I think it’s difficult to believe in yourself, to trust the process of Zen practice. When you first start practicing, often you feel worse. You start watching your brain and watching all your thoughts, and you think you’re getting worse, not better. So coming to this practice and staying, requires great faith, great courage, and a great question. You have to develop the ability to see your thinking, and it can be painful at times. It’s not an easy path. I was thinking about a story that I heard Zen Master Seung Sahn tell.
It’s about a sparrow. She lived in a large forest. This bird was very evolved: she never checked, held or made anything! She was always paying attention, and was so gregarious that she knew all the animals in the forest. She not only knew the animals, she also respected and loved them.
One day a very rapid, horrible fire started. It was a dry, windy day. The sparrow was of course paying attention, and she flew straight up. She used her intuition, saw a pond, filled her beak, flew over the fire and dropped the water. Over and over and over, this action of dropping one drop of water onto the forest fire. And then, finally, totally exhausted, she fell into the fire.

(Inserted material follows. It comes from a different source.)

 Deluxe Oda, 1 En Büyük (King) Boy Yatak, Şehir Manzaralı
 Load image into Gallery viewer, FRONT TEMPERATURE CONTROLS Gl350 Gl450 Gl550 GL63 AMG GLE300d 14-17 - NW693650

I love that story. So . . . who died? Did her efforts even help? If we think that way—life, death, the fire was put out, it wasn’t put out—that’s a big mistake. We all know this fire. We need to know the fire, the suffering, the pain. It’s impossible not to see it. But, again, we’re very smart, so we find all these ways to avoid looking at it. We have movies; we have books; we have all kinds of things to distract ourselves. Human beings are very smart, but intelligence will not show us the way. Only a strong vow and strong direction will bring us to knowing how to put out the fire.